Vor über 350 Jahren, im Jahre 1664 also, entschied der Herzog von La Rochefoucauld, Prinz von Marcillac und Pair von Frankreich, einige seiner Einsichten zusammenzustellen und sie unter dem Titel „Réflexions ou sentences et maximes morales“ herauszugeben, eine gänzlich unvollständige Sammlung, die in den folgenden Jahren von 300 auf rund 500 Aphorismen anwachsen sollte, welche – nicht nur wegen des Umfangs – zahllose Leser fanden, die endlich wissen wollten, was es mit den Maskeraden des Menschen auf sich habe und warum zuletzt niemandem über den Weg zu trauen sei. Keiner hat die Schlupfwinkel der Verstellung derart gründlich ausgeleuchtet wie La Rochefoucauld, dieser Rebell gegen den höfischen Zentralstaat und Mitkämpfer der Fronde gegen Mazarin, was ihm eine schwere Verletzung im Gesicht und den Verlust eines Auges eintrug, wodurch die Sehkraft des verbliebenen Auges jedoch derart geschärft wurde, daß ihm nichts mehr entgehen sollte. Noch eine Eloge auf seine Sentenzen- und Menschenbeobachtungskunst gerät in den Verdacht einer Maskerade, die La Rochefoucauld bereits unnachsichtig entlarvt hat.

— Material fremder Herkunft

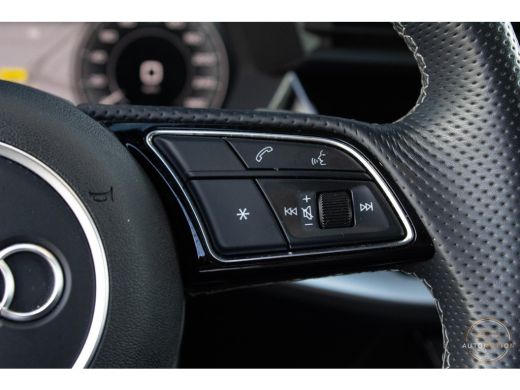 Audi A3 Sportback 45 TFSIe Sline Competition PANO MATRIX MAXTON KEYLESS ActivLease financial lease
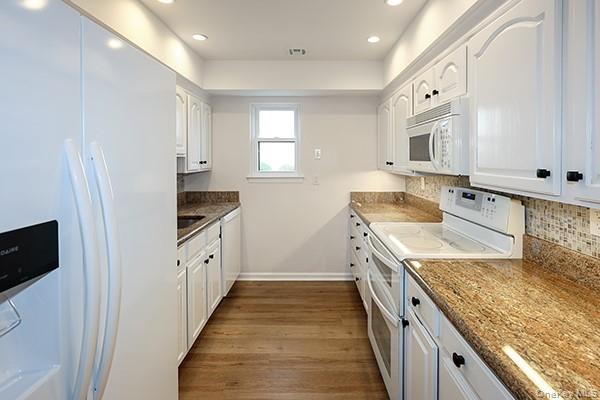 43 Cambridge Drive Property Photo 12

„Man lobt ungern, und man lobt nie jemanden ohne Eigennutz. Lob ist eine listige, versteckte, feine Schmeichelei, die Spender und Empfänger anders befriedigt. Dieser nimmt sie als Preis für seine Verdienste an, und jener gibt sie, um seine Billigkeit und Urteilskraft ins rechte Licht zu setzen.

Wir wählen oft giftige Lobsprüche, die durch einen Gegenstoß Fehler an dem Gelobten hervorspringen lassen, die wir auf keine andere Art aufzudecken wagen.

Gewöhnlich lobt man, um gelobt zu werden.

Wenige Menschen sind weise genug, nützlichen Tadel verräterischem Lob vorzuziehen.

Es gibt lobenden Tadel und tadelndes Lob.

Lobsprüche ablehnen heißt, nochmals gelobt werden wollen.

Das Lob, das man uns erteilt, dient wenigstens dazu, uns in der Ausübung der Tugend zu stärken.“

(F.de La Rochefoucauld, Reflexionen oder moralische Sentenzen und Maximen)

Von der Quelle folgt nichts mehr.